### Raw data ###
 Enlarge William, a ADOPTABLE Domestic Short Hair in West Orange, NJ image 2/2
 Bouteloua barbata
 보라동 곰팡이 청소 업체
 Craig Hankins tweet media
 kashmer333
###
### Raw data ###
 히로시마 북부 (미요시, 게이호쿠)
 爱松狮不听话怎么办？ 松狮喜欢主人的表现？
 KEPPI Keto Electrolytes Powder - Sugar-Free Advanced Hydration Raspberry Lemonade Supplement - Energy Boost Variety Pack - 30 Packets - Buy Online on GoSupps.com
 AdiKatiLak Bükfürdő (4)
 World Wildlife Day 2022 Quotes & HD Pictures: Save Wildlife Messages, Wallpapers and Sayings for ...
###
### Raw data ###
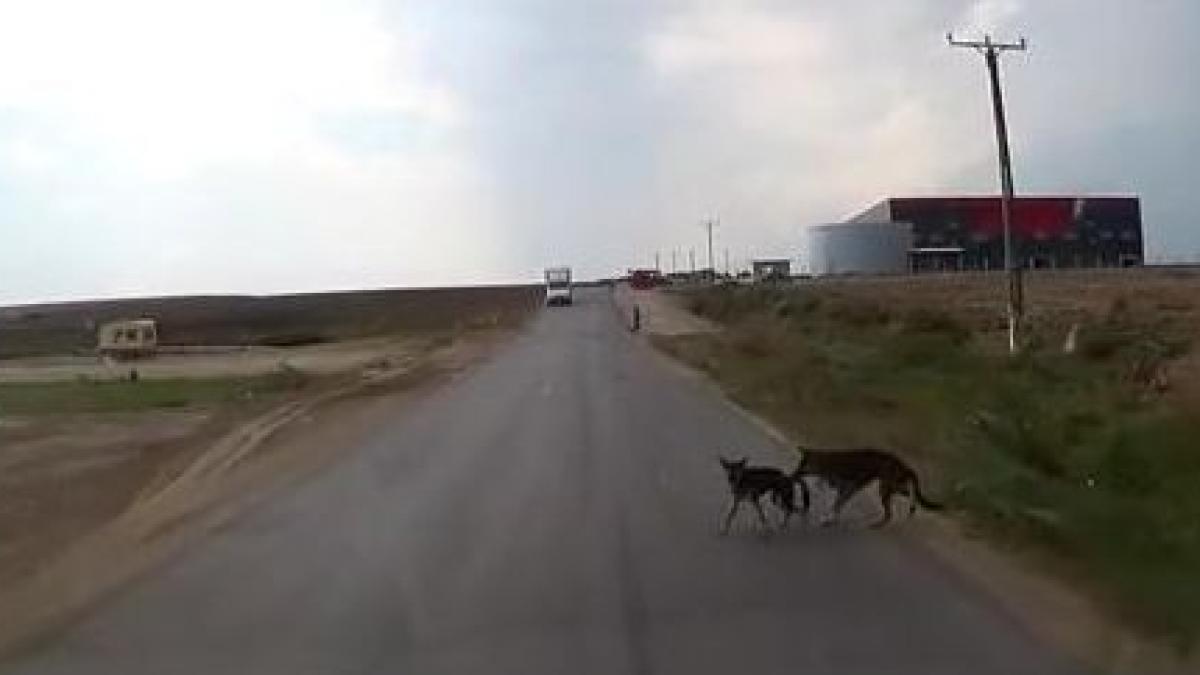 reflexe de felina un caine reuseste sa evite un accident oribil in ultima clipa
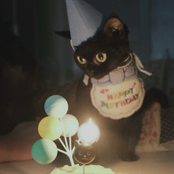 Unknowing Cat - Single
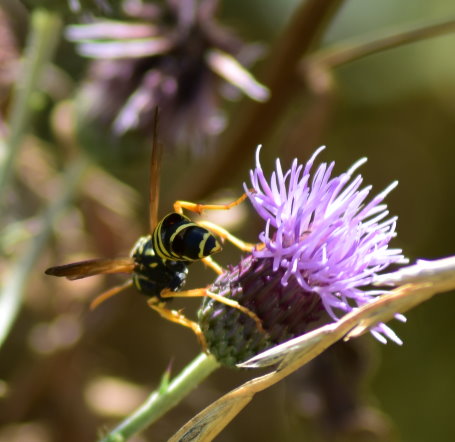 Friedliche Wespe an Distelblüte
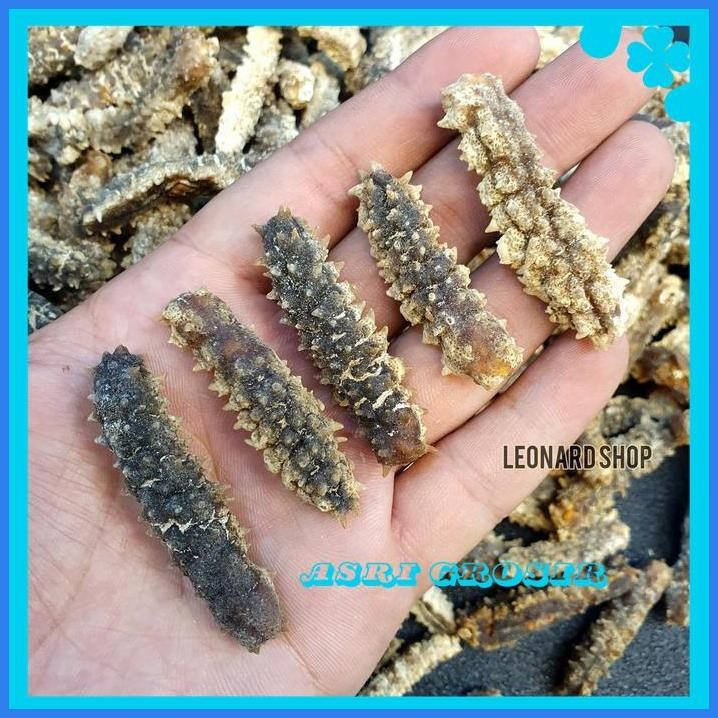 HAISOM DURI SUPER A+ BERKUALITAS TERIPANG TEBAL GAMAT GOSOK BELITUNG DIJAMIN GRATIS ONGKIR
###
▶ **Work instruction**
Using the material above, transcribe exactly the lines from the one holding "Friedliche Wespe an Distelblüte" to the one holding "HAISOM DURI SUPER", both ends kept. Do not carry over any pictures.

▶ **Answer space**
 Friedliche Wespe an Distelblüte
 HAISOM DURI SUPER A+ BERKUALITAS TERIPANG TEBAL GAMAT GOSOK BELITUNG DIJAMIN GRATIS ONGKIR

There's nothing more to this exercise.